High praise that, and for once despite a hint of hyperbole truly deserved. A pity that A Suitable Boy was so long that it has been more talked about than actually read in its entirety; but the fact remains that he is still remembered for that book rather than his far more exquisite second novel, An Equal Music.
So, what's Two Lives about? The synopsis put out by Time Warner says it tells the "remarkable" story of two people who, on the face of it, were completely different an Indian medical doctor-turned-soldier who lost an arm on the battlefield, and a German Jewish girl who couldn't stand him when she first set eyes on him telling her mother "not to take the blackie". But as both escaped to Britain as the Nazis rose to power in Germany, their destinies came together the two eventually becoming man and wife in war-scarred London.
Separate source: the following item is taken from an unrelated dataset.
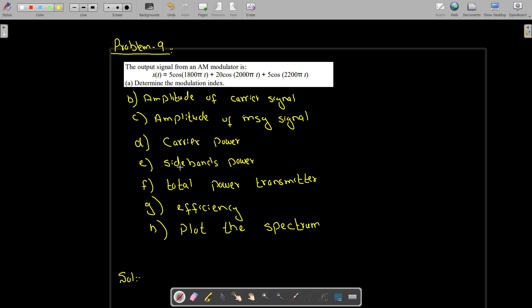Bismillahirrahmanirrahim. This is problem number nine in communication systems. The output signal from an AM modulator is s(t) = 5cos(1800πt) + 20cos(2000πt) + 5cos(2200πt). This part is your carrier signal, and these two are your sidebands — this one is the upper sideband and this is the lower sideband, as we can see from the frequencies of these signals.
Seth lived with them as a young boy in their north London home and, as the synopsis puts it, his is "the third life in the story of Two Lives".
The book, expected to be published in the autumn of 2005, promises a glimpse of some of the most significant themes and events of 20th Century "from the Raj and the Indian freedom movement to the Third Reich, the Holocaust and British post-war society." Clearly, there are high expectations at Time Warner. And why not? A book for which they have paid a million quids had better be good enough to justify the advance. But history tells us that books riding on bloated advances have also tended to perish at the "box office". Remember Martin Amis's Information?